Short selling — one of the hedge fund industry’s best-known and controversial strategies — hit high notes before the bull market, notably during the collapse of banks such as Northern Rock during the financial crisis and the demise of technology stocks in the dotcom bust just over 20 years ago.
The prospect of another golden period has emboldened short sellers to launch a string of funds. Daniel Yu and Cyrus de Weck, who founded Gotham City Research and Portsea Asset Management respectively, recently joined forces to set up a hedge fund.
Jim Chanos, best known for correctly predicting the collapse of energy group Enron two decades ago, is running a new fund for European investors, while Martin Stapleton, a respected short seller who previously worked at Gladstone, has raised money for a new fund, Perbak Capital.
At the same time, others are finally seeing their perseverance pay off.
“Recently we’ve been getting more absolute return from the short book,” said Chris Crawford, who runs a long-short hedge fund for Eric Sturdza Investments. “The reality is setting in for these companies,” he said, referring to unprofitable groups that investors rushed into during the bull market.
Higher interest rates have ratcheted up the pressure on firms whose business models rely on access to cheap debt while they also make the projected future cash flows of high-growth but unprofitable tech companies less attractive.

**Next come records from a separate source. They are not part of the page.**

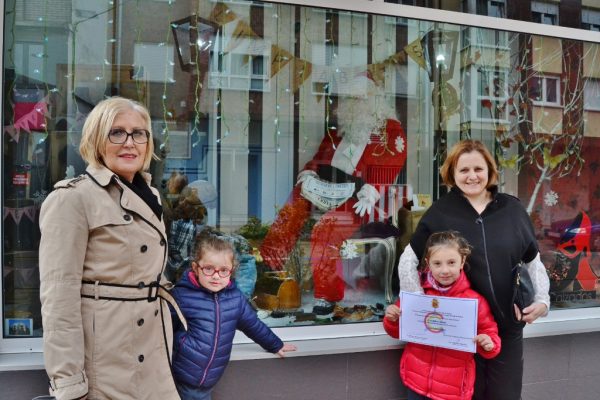 Escaparate ganador, con María Ángeles Cueto y Mercedes San Juan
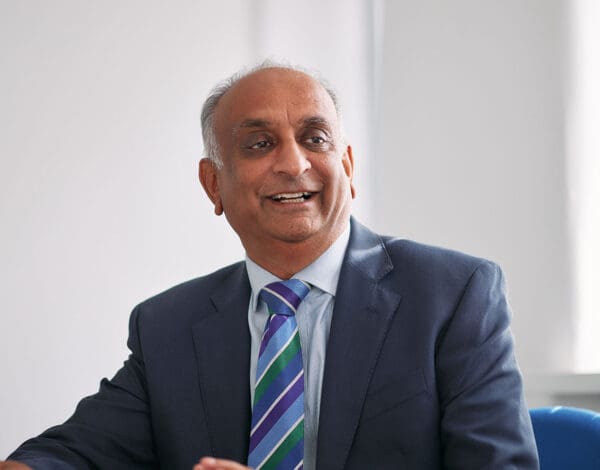 Hitendra Patel, Coporate Law & Commercial at SE Solicitors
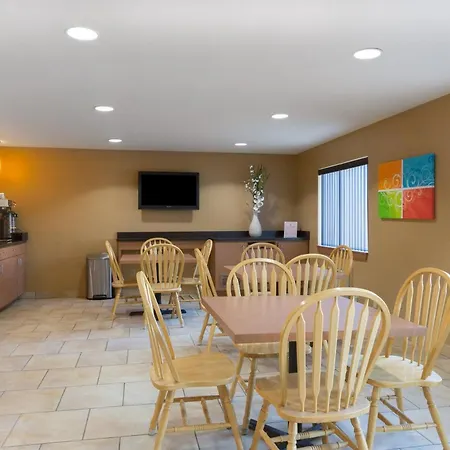 Super 8 By Wyndham Radcliff Ft. Knox Area-2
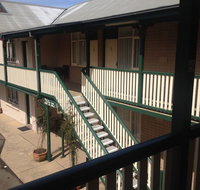 The 3 Explorers Motel - Accommodation Gladstone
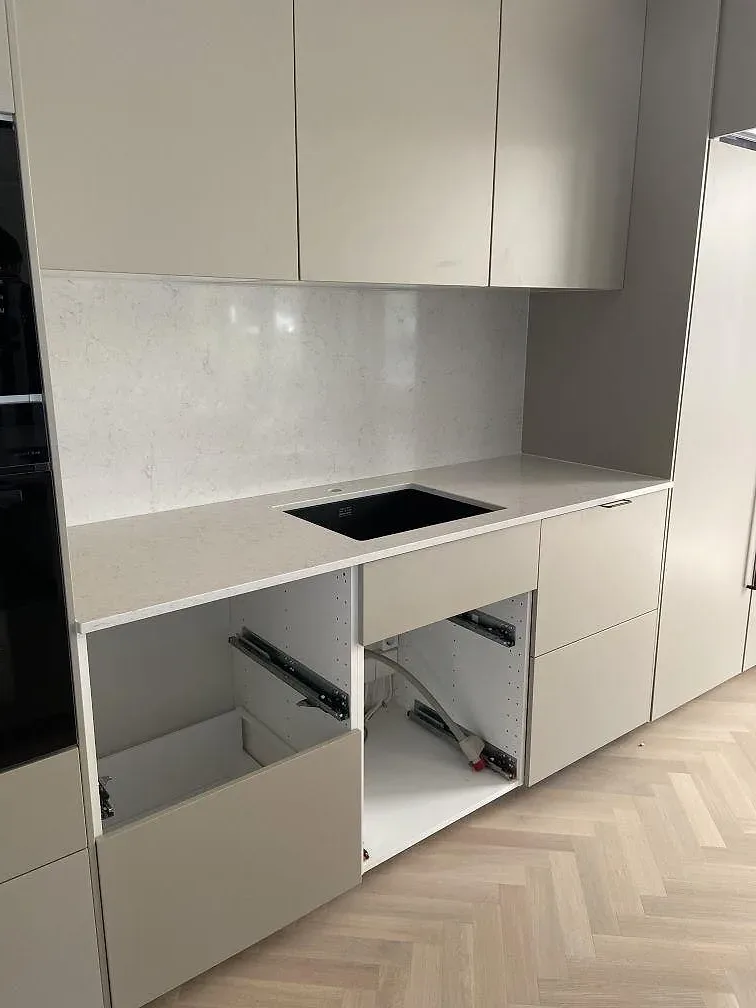 Køkkenbordplade i Silestone Snowy Ibiza, Bara – billede 3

As well as exposing the fragility of companies with a seductive narrative but no earnings, the seismic shift in interest rates has aided short sellers in other ways.
Short sellers, who borrow shares that they then sell in the market, hold cash with their broker until they close a trade, ideally by buying back the shares at a cheaper price. Higher rates now mean that the interest earned on that cash outstrips the cost of borrowing the shares, according to Goldman Sachs data, earning them a tidy profit even before any gains on the particular bet itself.
The chilling effect of the falling stock market on retail investors, particularly those who raced into so-called meme stocks, has also been a boon.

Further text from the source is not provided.